Eight Soldiers sit tightly packed into a CH-47 Chinook helicopter, their gear just as tightly packed onto small utility vehicles onboard. The drone of the turbines, deafening, gradually transforms into a deep thumping as the aircraft leaves the pad and soars into the sky.

The men and women aboard the aircraft are members of the Army Reserve's 912th Forward Surgical Team and are training for a specialized medical response mission in the near future.

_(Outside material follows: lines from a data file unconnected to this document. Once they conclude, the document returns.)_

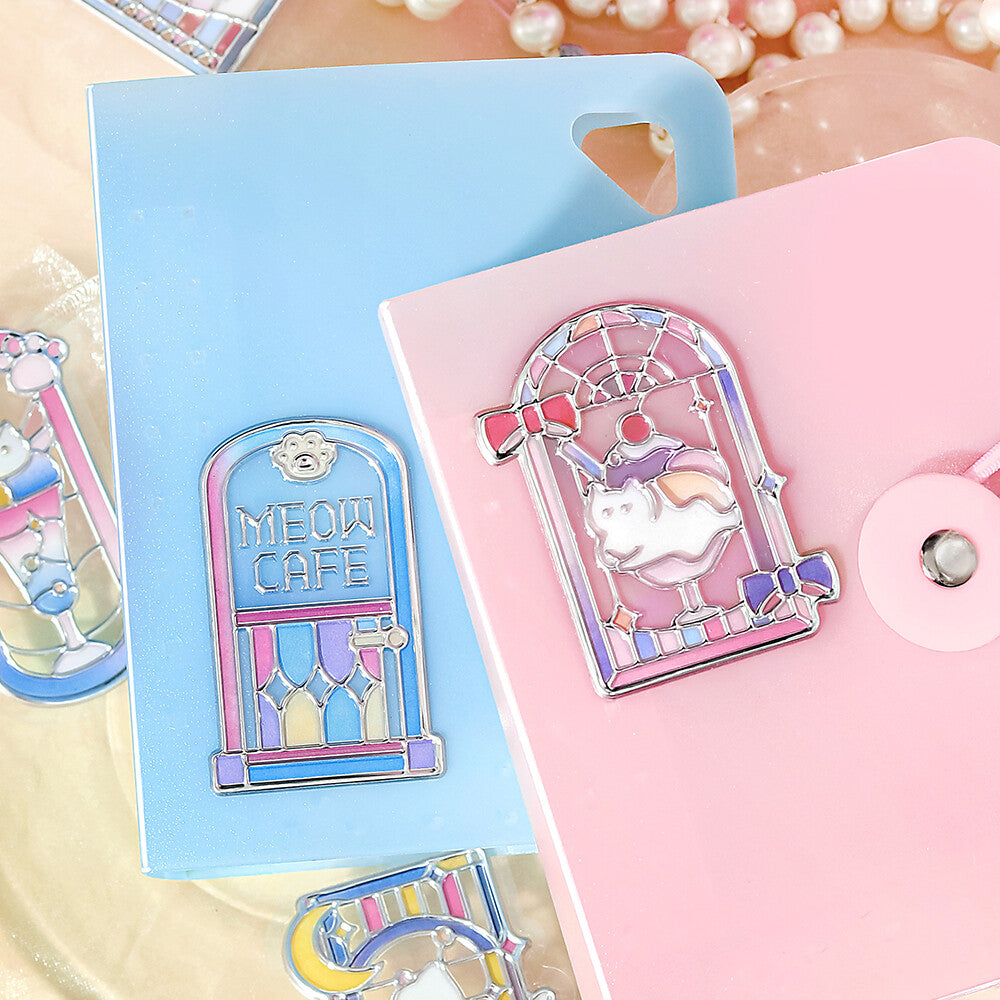 Two notebooks with BGM stickers with a pink theme with illustrations of cats sitting by a window with light yellow background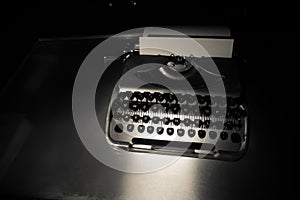 Old fashion typewritter on dark foggy background. Close up of vintage typewritter machine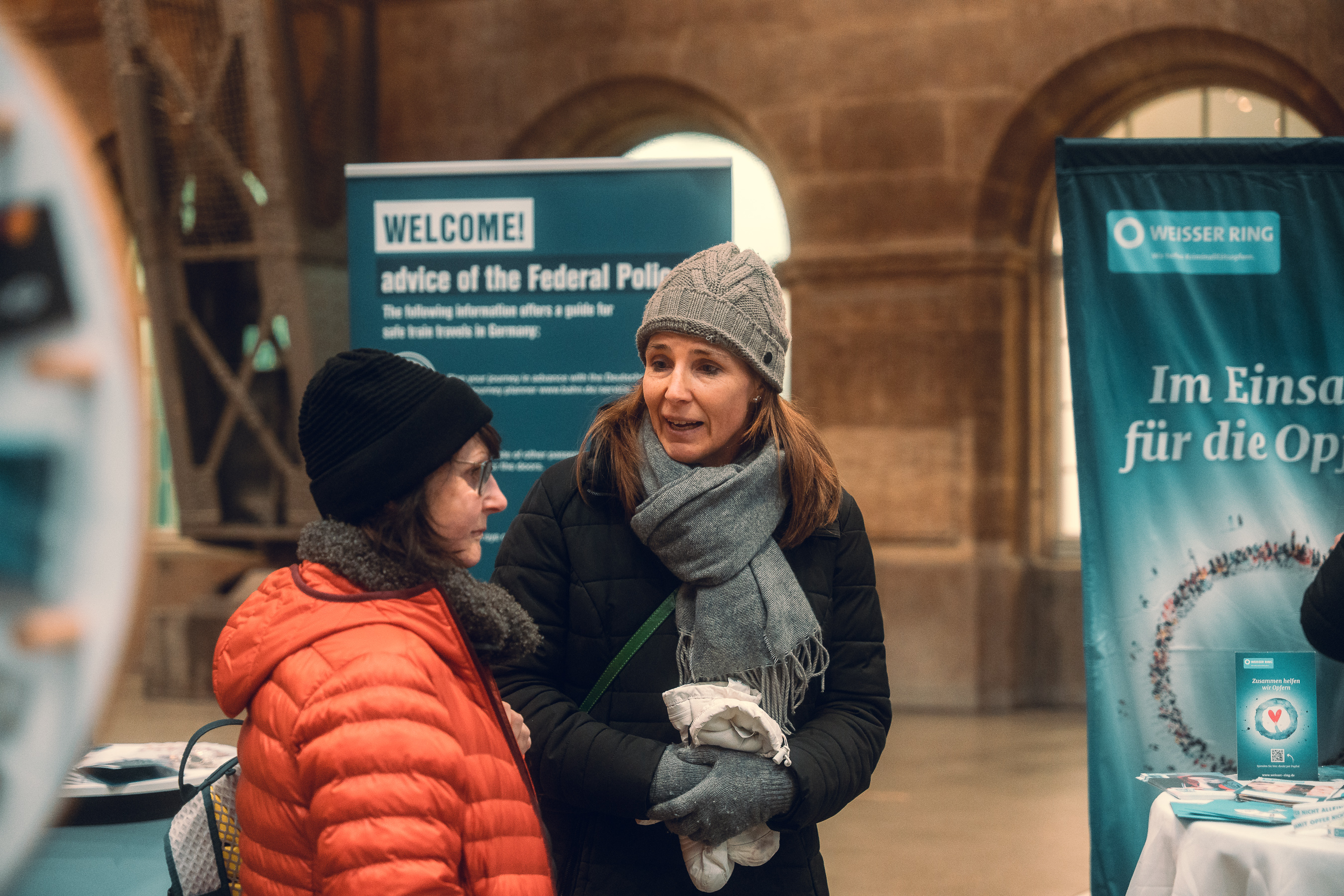 Mitarbeiterin des WEISSEN RING informiert Reisende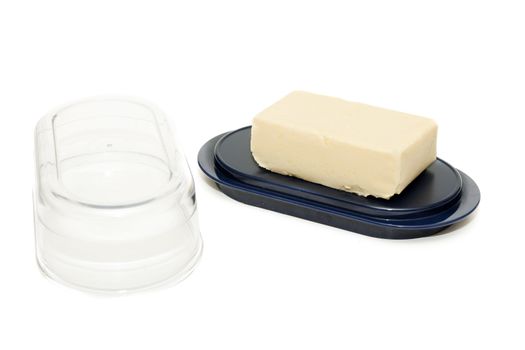 Piece of butter on the Oiler blue with a transparent lid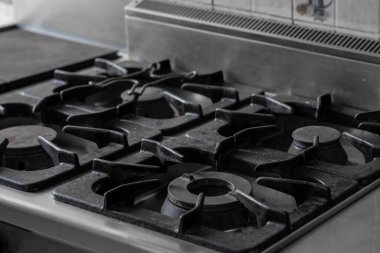 Demir gaz deposu dök, üzerinde ızgara olan bir soba parçası detayı ve görünen gaz için başlık. Gri, soğuk bir yemek tepesi resmi.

"Our mission is to provide far forward surgical support to combat Soldiers on the ground," said Staff Sgt. Sean Costigan, emergency room noncommissioned officer in charge for the 912th FST. "Our goal is to be able to provide support to units operating outside of the 'golden hour.'"

The 'golden hour' concept is that a typical medical team located on a military base is capable of providing support to the wounded within 60 minutes or 50 miles. The 912th FST team, however, will be living and working remotely, and their skills will bridge the gap for wounded troops who could not otherwise reach critical care within the critical golden hour.

"Typically, we would be co-located with a battalion aid station," said Capt. Peter Lancette, chief nurse for the FST and a native of Charleton, Massachusetts. "Working as a far-forward FST in this capacity greatly decreases mortality rates for Soldiers on the ground."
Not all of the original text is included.